Variazioni belliche (garzanti)

Non pochi scrittori e critici, di tendenze diverse, hanno già ricevuto una forte impressione dalla poesia di Amelia Rosselli, di cui si sono letti alcuni anticipi in riviste letterarie. Mentre i nodi più recenti della ricerca poetica in Italia sembrano più determinati e calcolati che, almeno fino ad ora, autentici o usati con necessità, la novità sconcertante della Rosselli può aspirare a proporsi come caratteristica di una nuova sensibilità e gusto nel far poesia.

Sembra che la scrittrice abbia ignorato gli elementi della poesia dal dopoguerra ad oggi, con rapporto d'impegno e di stile; mentre in realtà parte da un tale sperimentalismo. Attraverso certi suoi suggestivi vezzi, sentiamo la frequentazione e l'allusione di cultura e d'ironico pastiche al poetare delle origini italiane e a maestri del Novecento come Campana e Montale. La sua lunga esperienza musicale d'avanguardia (secondo cui ci dà un saggio sul metro originale della propria poesia, in appendice al libro) produce una prevalenza di suono (o significante) che si combina con una combinazione di specie simbolista. Nello stesso tempo, è però uno scatto impetuoso di liberazione intellettuale, col decifrare l'informe in cui si muove vitalmente, a produrre il componimento poetico con raro equilibrio. La lingua poetica, assai singolare, dipendente anche dalla complessa formazione giovanile in diversi paesi e in ambienti di eccezionale presenza ai problemi storici, conferisce un effetto di straniamento al testo.

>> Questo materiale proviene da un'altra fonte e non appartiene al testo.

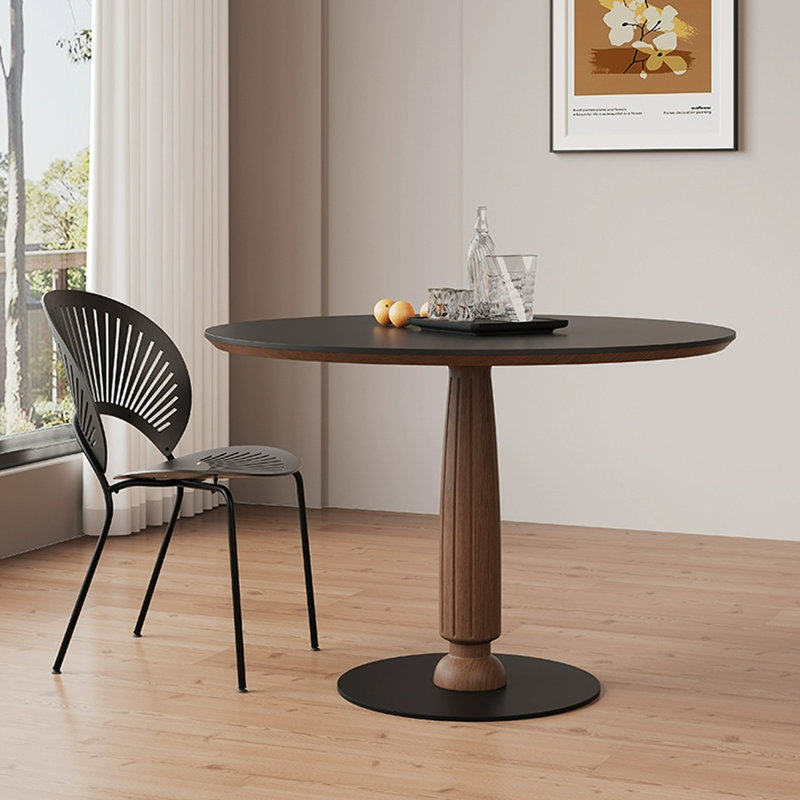 Table de salle à manger en acier au carbone, H 29,53 po x L 35,43 po x l 35,43 po, Noir
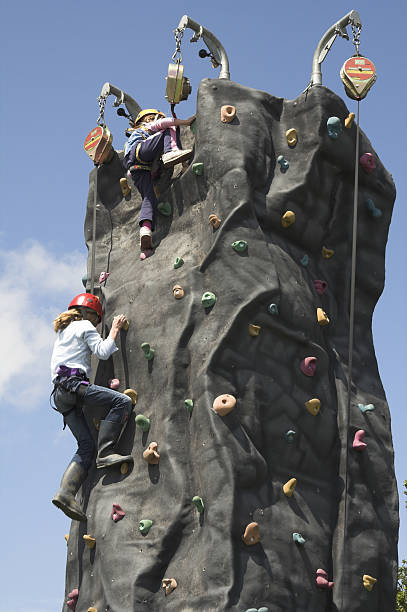 부시워킹 - climbing rock climbing women determination 뉴스 사진 이미지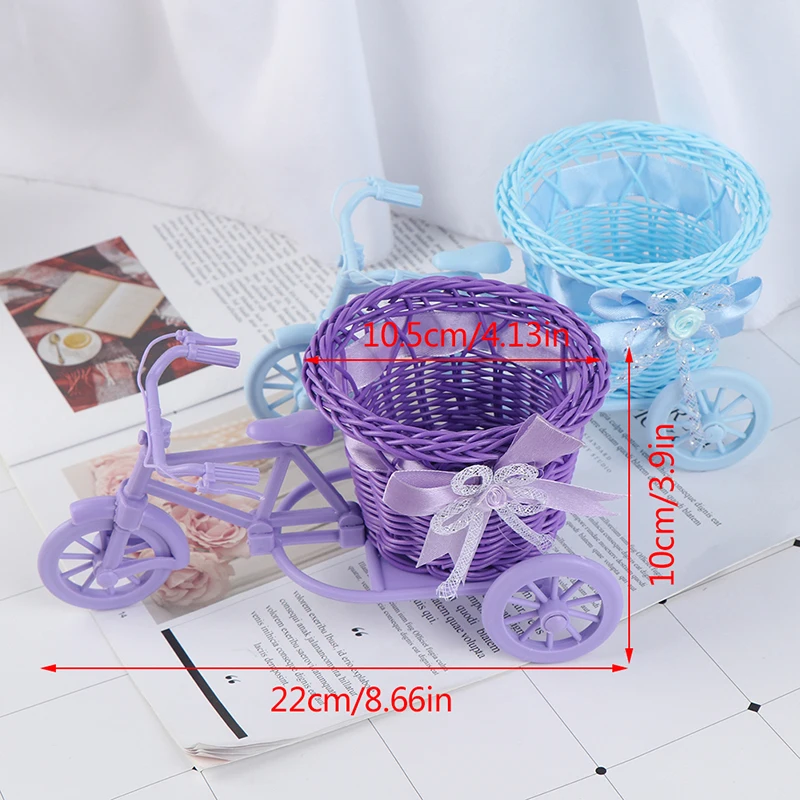 Flower Basket Pot Rattan Bicycle Storage Basket Float Vase Plant Stand Holder Tricycle Bike Design Organizer
Flower Basket Pot Rattan Bicycle Storage Basket Float Vase Plant Stand Holder Tricycle Bike Design Organizer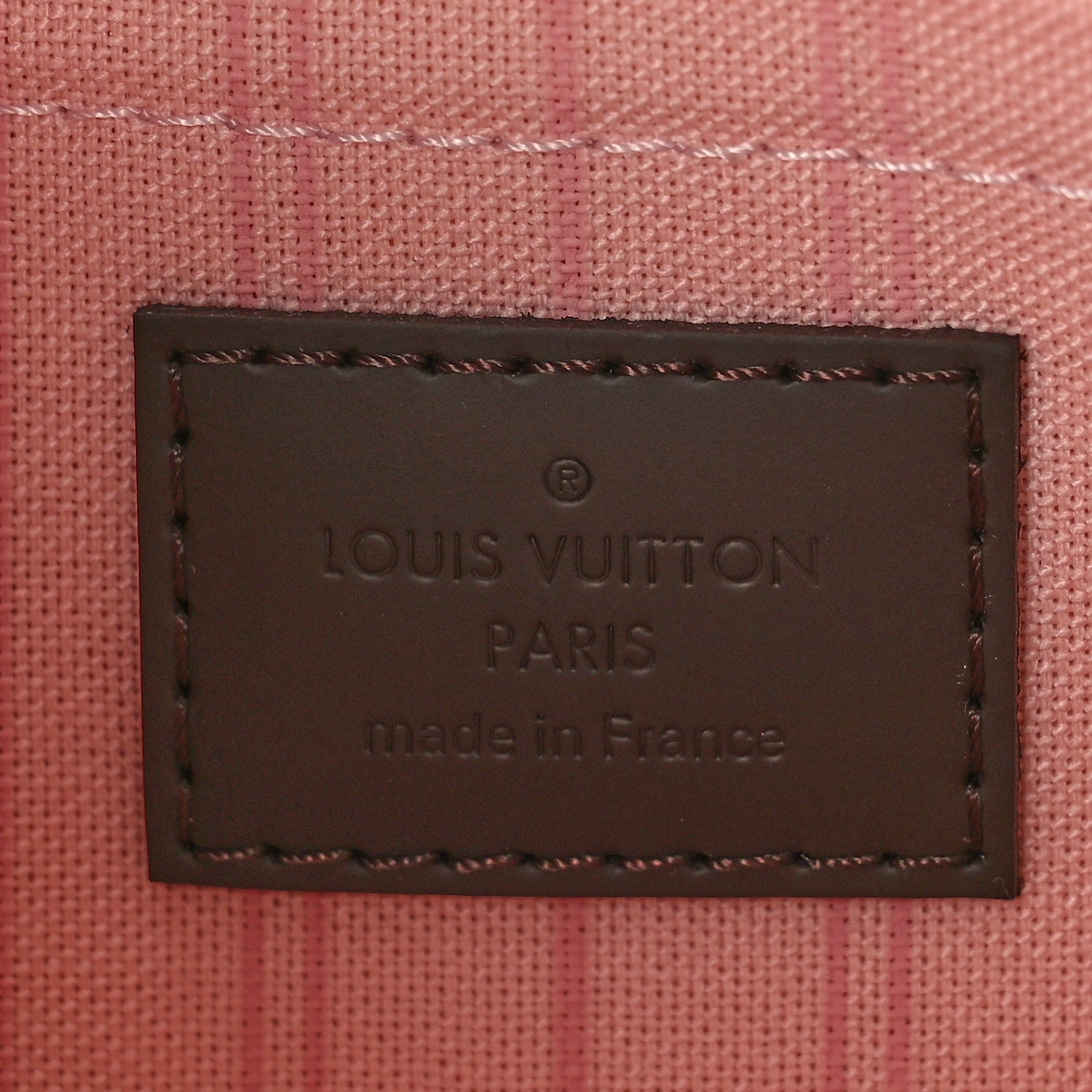 Louis Vuitton Damier Ebene Neverfull MM GM Pochette Rose Ballerine 6 of 8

Presentando per primo la Rosselli, Pier Paolo Pasolini ha posto l'accento sui suoi lapsus (cioè le parole "etmisfero" e simili) come rivelatori di una tensione in cui si arriva a a configurare una "poetica" fra surrealistica e traumatica. Questa chiave, più d'altre possibili, ci avvia ad apprezzare il testo della Rosselli come un unicum che contribuisce a mettere in dubbio ogni valutazione troppo assestata del corso dell'opera di poesia in tutti questi anni.